Lists like this one on ANNUALS help in garden design and planning.

The guide is spiral-bound and easy to read.  There are chapters on general care and special situations.  But the book’s beauty is its short chapters on the plant categories in any garden: trees, shrubs, annuals, etc.  Each chapter ends with extensive plant lists along with size, light requirements, bloom time, etc. (see photo) It’s a quick resource when looking for ideas.

The last section of the book is also invaluable.  Entitled “Gardening Month by Month”, it breaks out each month with gardening chores and blooming plants for that time of year.  This feature is a lifeline for a disorganized gardener like me.
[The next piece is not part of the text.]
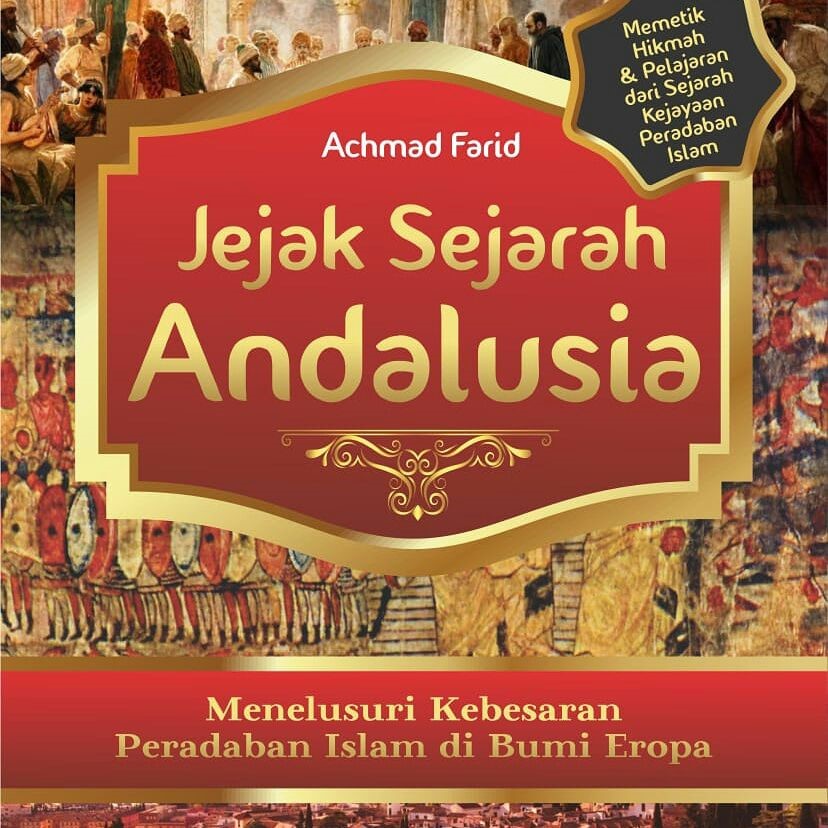 Detail Buku Sejarah Islam Nomer 20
“There is nothing quite as gratifying to the gardener as a full healthy plant…especially this is true when one has started it from a small seed.”

2007 edition

This book has provided many workable ideas for my garden beds.  One was planting an annual bed entirely from seed.   Now, every year I plant zinnia, sunflower and tithonia outside my kitchen window.  This year’s seedlings are off to a good start…and so are the weeds. But with a little luck and TLC, the garden will be a visual feast for us by summer and an edible feast for the bees, butterflies and hummingbirds.

Note:  The Trustees’ Garden Club of Savannah, Georgia has since published a third edition (2007) of the book with updated information and a colorful cover.